Task directions
Transcribe the records below exactly, leaving out any pictures.

Stored records
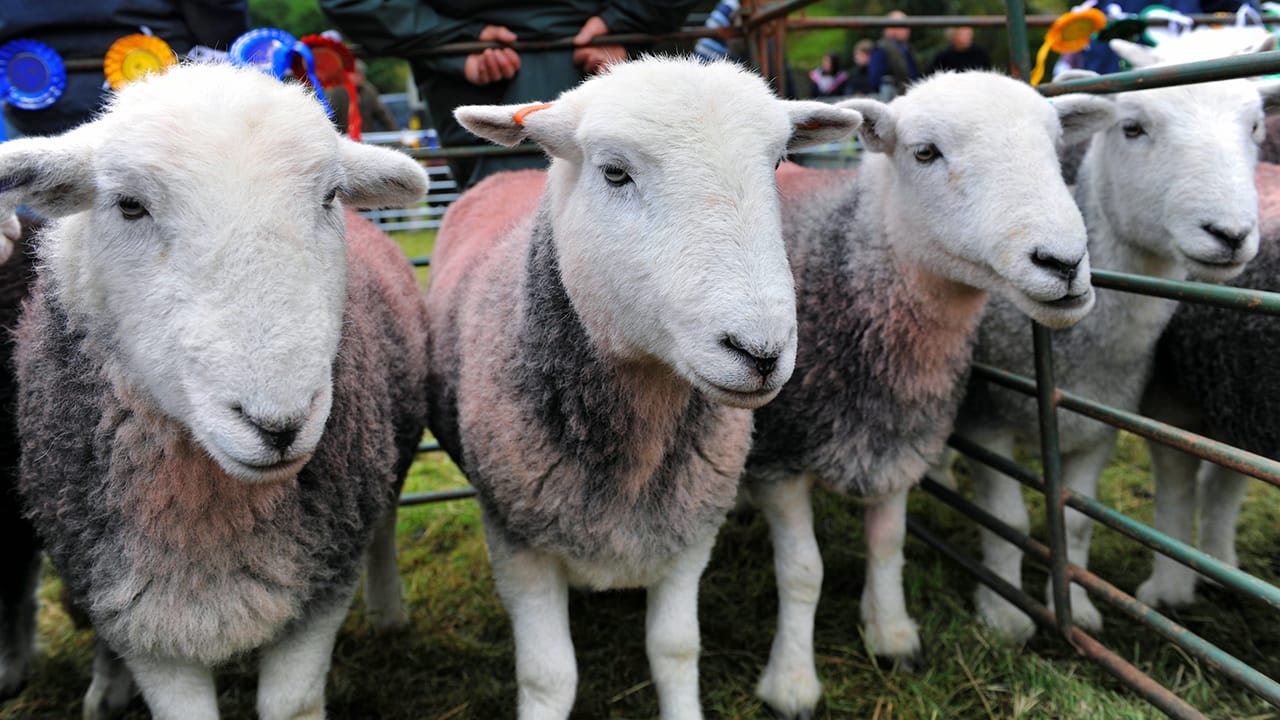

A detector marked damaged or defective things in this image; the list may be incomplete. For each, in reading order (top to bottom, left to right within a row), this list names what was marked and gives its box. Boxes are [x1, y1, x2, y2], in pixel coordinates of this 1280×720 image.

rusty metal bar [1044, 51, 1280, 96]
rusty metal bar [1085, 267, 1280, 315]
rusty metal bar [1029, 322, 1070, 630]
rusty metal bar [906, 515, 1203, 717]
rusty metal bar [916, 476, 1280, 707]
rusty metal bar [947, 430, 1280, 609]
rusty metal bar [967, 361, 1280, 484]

Final answer
A detector marked damaged or defective things in this image; the list may be incomplete. For each, in reading order (top to bottom, left to right within a row), this list names what was marked and gives its box. Boxes are [x1, y1, x2, y2], in pixel coordinates of this 1280×720 image.

rusty metal bar [1044, 51, 1280, 96]
rusty metal bar [1085, 267, 1280, 315]
rusty metal bar [1029, 322, 1070, 630]
rusty metal bar [906, 515, 1203, 717]
rusty metal bar [916, 476, 1280, 707]
rusty metal bar [947, 430, 1280, 609]
rusty metal bar [967, 361, 1280, 484]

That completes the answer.